Dataset items
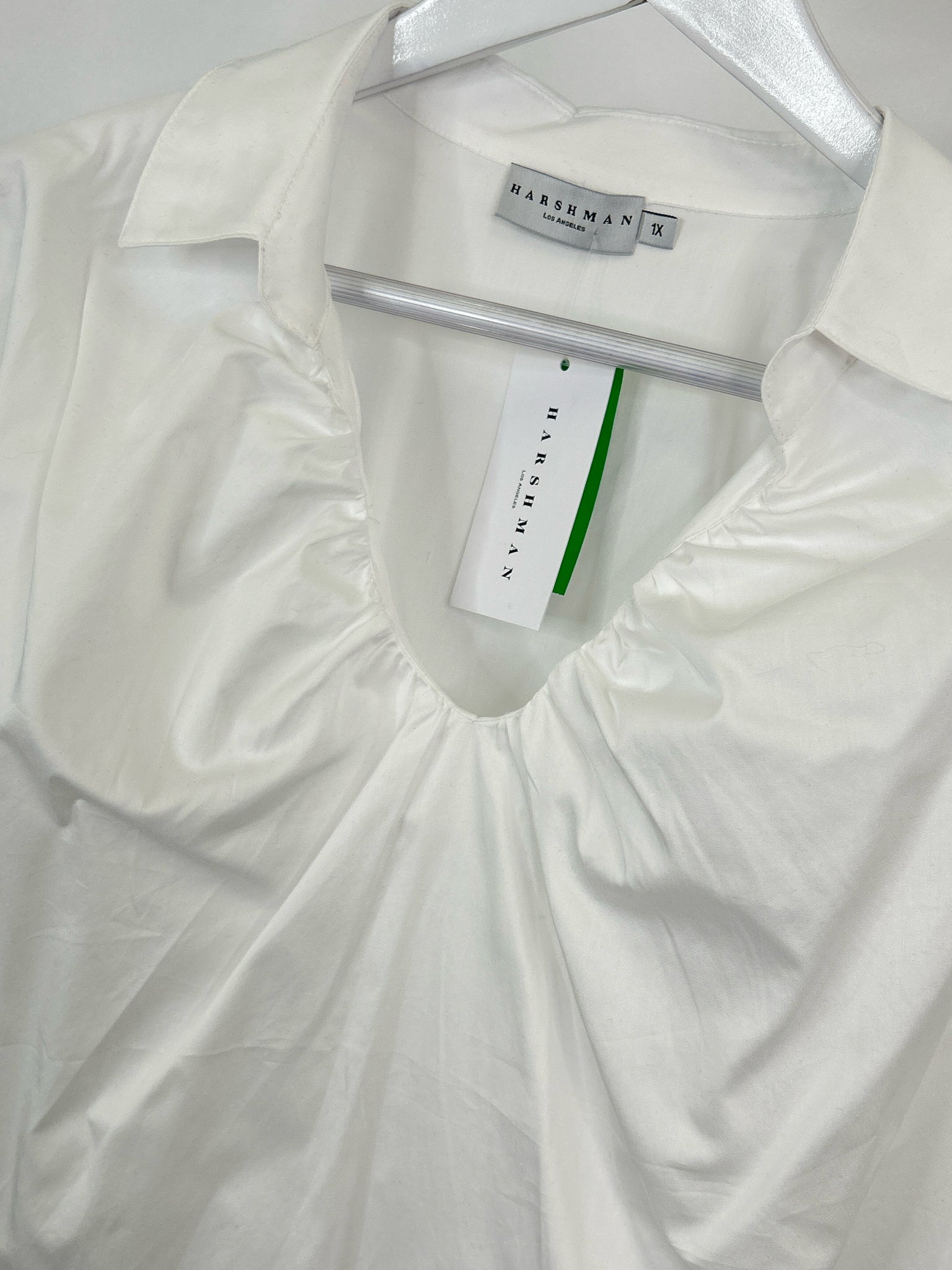 Harshman Size 1X White Women Blouse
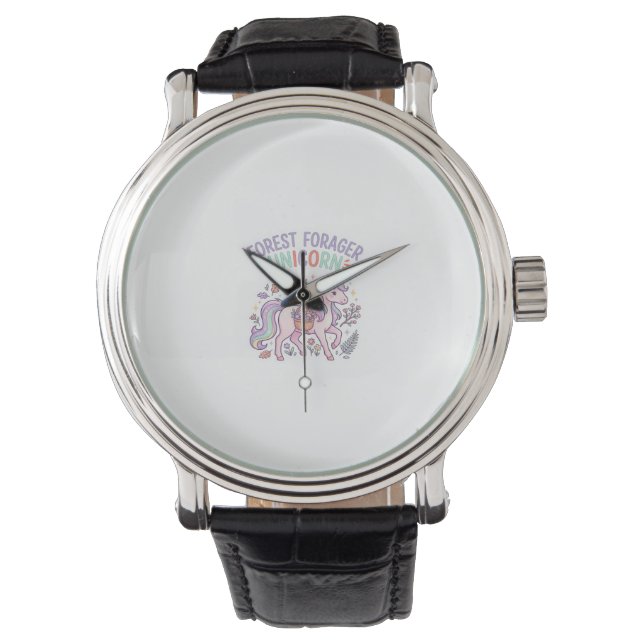 Unicorn Forest Forager Unicorn Graphic Design Whit Watch (Front)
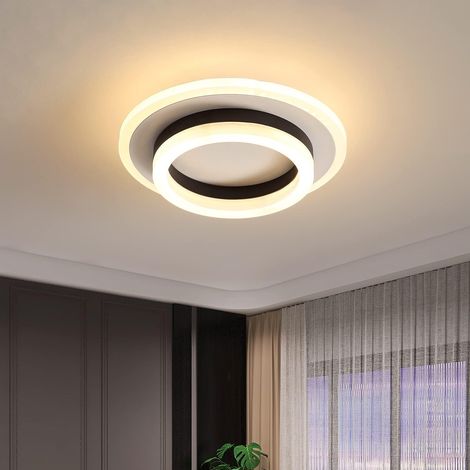 Modern Led Ceiling Light, 24W Black Round LED Ceiling Light Elegant Design Acrylic Ceiling Lamp for Living Room, Bedroom, Hallway, Kitchen, 3000K Warm White (1/5)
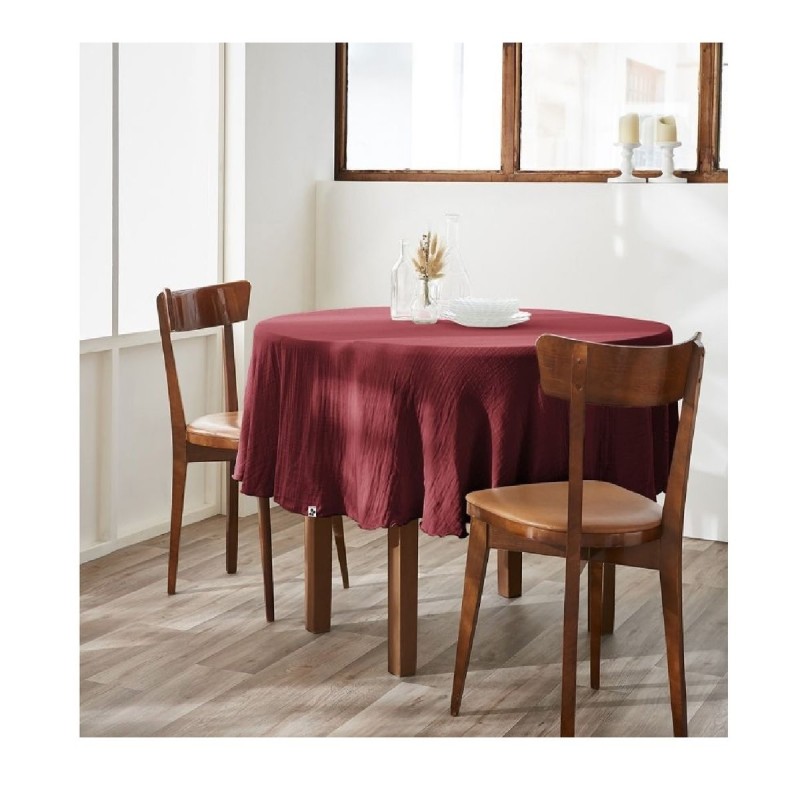 Nappe ronde GAÏA Ø180 cm en gaze de coton – Élégance naturelle et douceur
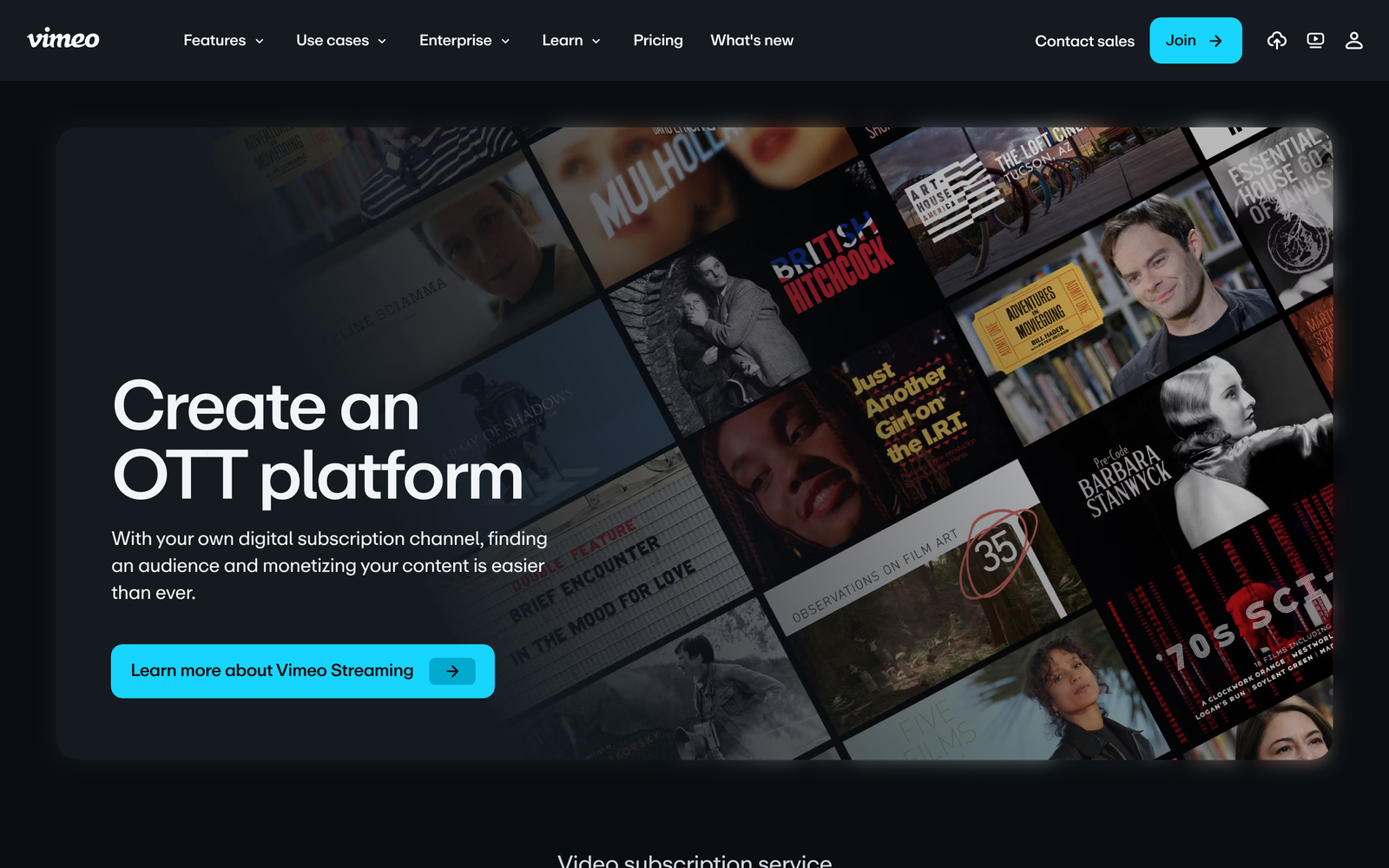 Vimeo OTT homepage hero section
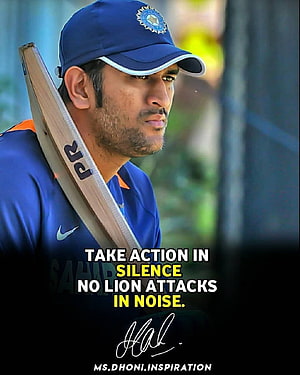 MS Dhoni Cricket Portrait with Bat and Motivational Quote HD phone wallpaper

● **Your objective**
From the records above, copy only the lines running from the line holding "Unicorn Forest Forager" through the line holding "Modern Led Ceiling", with no pictures.

● **Answer**
 Unicorn Forest Forager Unicorn Graphic Design Whit Watch (Front)
 Modern Led Ceiling Light, 24W Black Round LED Ceiling Light Elegant Design Acrylic Ceiling Lamp for Living Room, Bedroom, Hallway, Kitchen, 3000K Warm White (1/5)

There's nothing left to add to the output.